Docker
All FedML Docker images are hosted at the FedML Docker Hub.
We recommend using FedML in a Docker environment as it circumvents complex and tedious installation debugging. Currently, we maintain docker images for x86_64 architectures. However, you can also build a Docker image with support for the following architectures as well: arm, raspberrypi, nvidia jetson
, using the corresponding Dockerfile located in the installation directory of the GitHub repository.
Remember to change the FEDML_DOCKER_IMAGE
, LOCAL_WORKSPACE
, and DOCKER_WORKSPACE
environmental variables in the commands below to your own settings.
Standard Docker Image
The FedML standard Docker image supports running on both CPU an GPU devices. The standard image size is about 9.5GB. If you want to run on the MacOS platform, it is recommended to run the Light Docker image which supports multiple architectures.

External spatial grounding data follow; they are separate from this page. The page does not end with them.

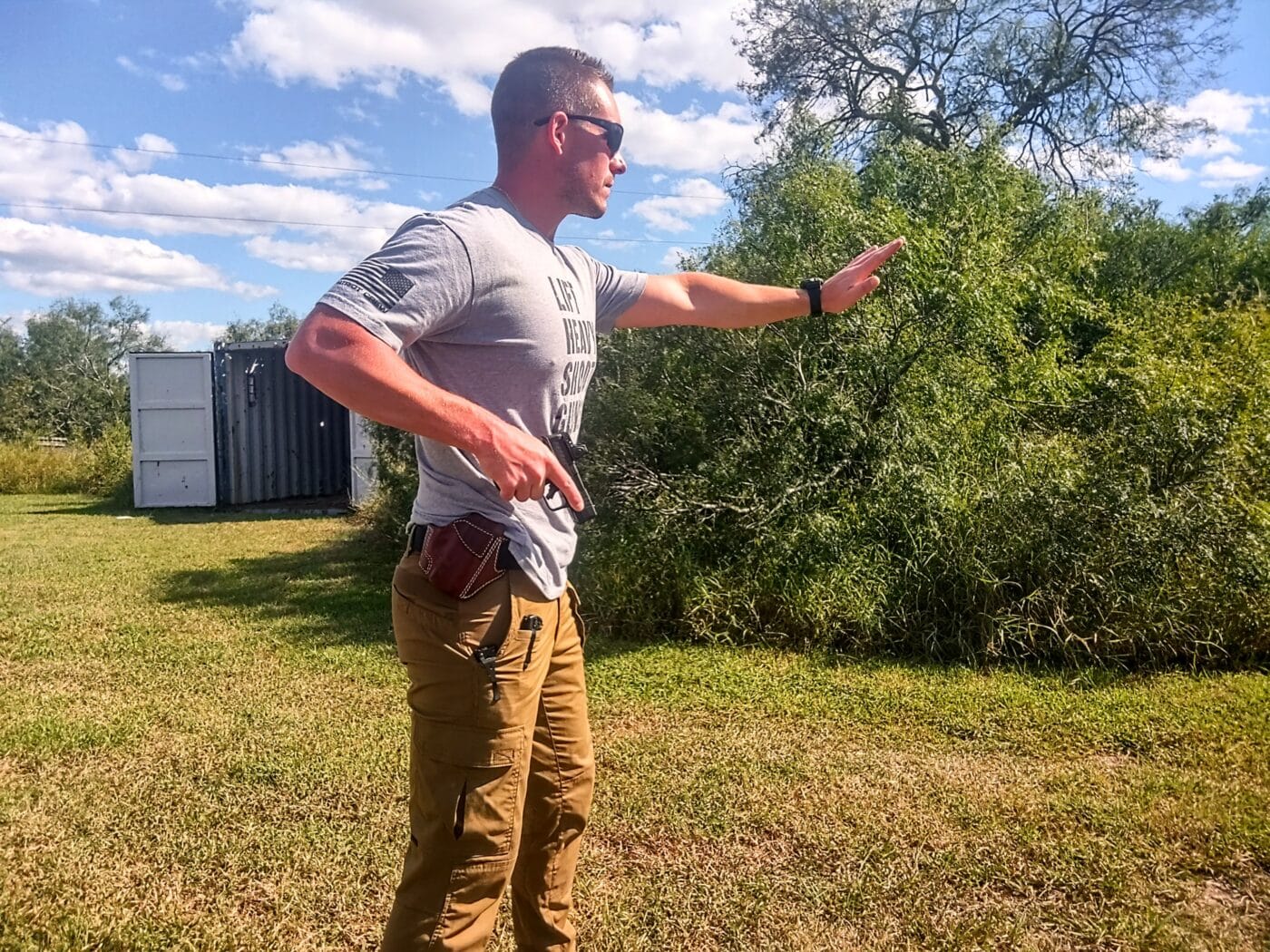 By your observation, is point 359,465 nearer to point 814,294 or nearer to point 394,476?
point 394,476

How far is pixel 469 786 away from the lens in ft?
5.88

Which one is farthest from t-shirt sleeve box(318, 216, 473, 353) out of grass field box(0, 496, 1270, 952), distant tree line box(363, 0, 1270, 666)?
distant tree line box(363, 0, 1270, 666)

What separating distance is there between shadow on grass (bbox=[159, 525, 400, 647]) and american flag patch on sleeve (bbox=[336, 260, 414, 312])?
4532 millimetres

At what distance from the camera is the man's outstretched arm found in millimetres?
2477

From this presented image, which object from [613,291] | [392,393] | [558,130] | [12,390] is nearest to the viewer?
[392,393]

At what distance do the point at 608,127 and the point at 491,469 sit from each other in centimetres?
87

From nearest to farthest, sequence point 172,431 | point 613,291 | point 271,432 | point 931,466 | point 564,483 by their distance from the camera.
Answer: point 564,483 < point 613,291 < point 931,466 < point 172,431 < point 271,432

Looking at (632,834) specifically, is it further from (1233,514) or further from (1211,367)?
(1211,367)

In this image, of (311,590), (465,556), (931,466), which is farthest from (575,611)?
(311,590)

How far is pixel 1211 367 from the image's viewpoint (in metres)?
5.66

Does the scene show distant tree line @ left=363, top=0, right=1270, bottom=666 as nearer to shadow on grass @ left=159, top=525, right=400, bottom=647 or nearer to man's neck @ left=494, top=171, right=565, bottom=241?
shadow on grass @ left=159, top=525, right=400, bottom=647

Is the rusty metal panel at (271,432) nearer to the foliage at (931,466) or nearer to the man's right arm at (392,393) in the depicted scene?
the foliage at (931,466)

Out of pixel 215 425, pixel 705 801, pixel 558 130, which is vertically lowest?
pixel 705 801

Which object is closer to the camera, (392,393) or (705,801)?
(392,393) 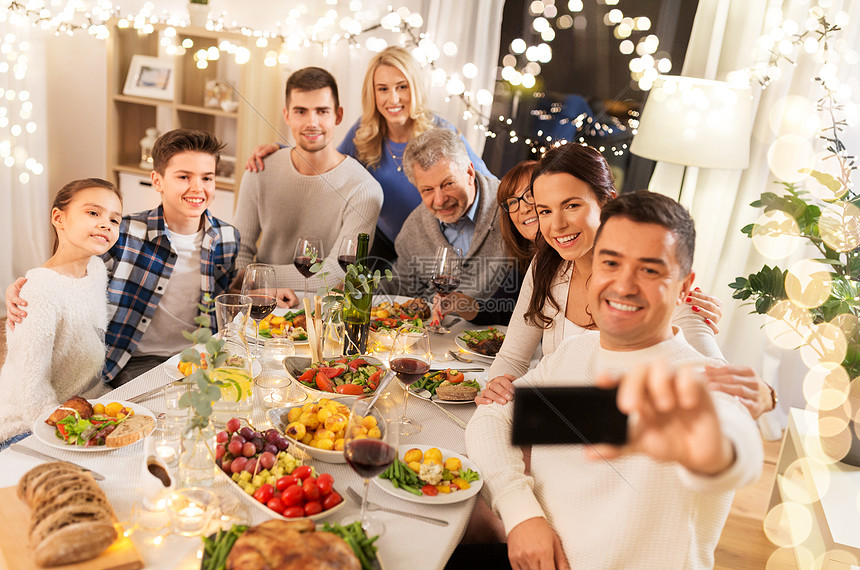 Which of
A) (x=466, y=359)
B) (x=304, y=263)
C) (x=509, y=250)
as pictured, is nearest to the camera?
(x=466, y=359)

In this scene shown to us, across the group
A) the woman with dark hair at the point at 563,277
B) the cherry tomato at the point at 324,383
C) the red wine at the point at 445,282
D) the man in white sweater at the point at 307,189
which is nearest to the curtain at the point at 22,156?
the man in white sweater at the point at 307,189

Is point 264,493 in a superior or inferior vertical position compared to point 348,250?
inferior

(1) Pull image and prepare the environment
FEDML_DOCKER_IMAGE=fedml/fedml:latest-torch1.13.1-cuda11.6-cudnn8-devel
docker pull $FEDML_DOCKER_IMAGE
# if you want to use GPUs in your host OS, please follow this link: https://docs.nvidia.com/datacenter/cloud-native/container-toolkit/install-guide.html#docker
sudo apt-get update
sudo apt-get install -y nvidia-docker2
sudo systemctl restart docker
sudo chmod 777 /var/run/docker.sock
(2) Run with interactive mode
On GPUs
FEDML_DOCKER_IMAGE=fedml/fedml:latest-torch1.13.1-cuda11.6-cudnn8-devel
LOCAL_WORKSPACE=$PleaseUseYourLocalDirectory
DOCKER_WORKSPACE=/home/fedml/fedml_source
docker run -v $LOCAL_WORKSPACE:$DOCKER_WORKSPACE --shm-size=64g --ulimit nofile=65535 --ulimit memlock=-1 --privileged --gpus all --network=host --env WORKSPACE=$DOCKER_WORKSPACE -ti $FEDML_DOCKER_IMAGE /bin/bash
On CPUs
FEDML_DOCKER_IMAGE=fedml/fedml:latest-torch1.13.1-cuda11.6-cudnn8-devel
LOCAL_WORKSPACE=$PleaseUseYourLocalDirectory
DOCKER_WORKSPACE=/home/fedml/fedml_source
ddocker run -v $LOCAL_WORKSPACE:$DOCKER_WORKSPACE --shm-size=64g --ulimit nofile=65535 --ulimit memlock=-1 --privileged --network=host --env WORKSPACE=$DOCKER_WORKSPACE -ti $FEDML_DOCKER_IMAGE /bin/bash
(3) Run examples
Now, you should now be inside the container. First, you need to log into the MLOps platform. The USERID
placeholder used below refers to your user id in the TensorOpera AI platform:
root@142ffce4cdf8:/#
root@142ffce4cdf8:/# fedml login <USERID>
Afterwards, enter the $WORKSPACE
directory which is the $DOCKER_WORKSPACE
defined earlier when initializing the container and run your own examples:
root@142ffce4cdf8:/#
root@142ffce4cdf8:/# cd $WORKSPACE
root@142ffce4cdf8:/home/fedml/fedml_source#
Light Docker Image
(1) Run light Docker with interactive mode
The light docker is a smaller image about 5GB size. So it can pull and run more smoothly. The light docker provides only CPU support. To use the GPUs, you should use the standard Docker with GPU options. Each docker image needs more than 5GB memory size to run the fedml learning task (estimated when using the MNIST dataset; for other datasets the memory requirements may vary).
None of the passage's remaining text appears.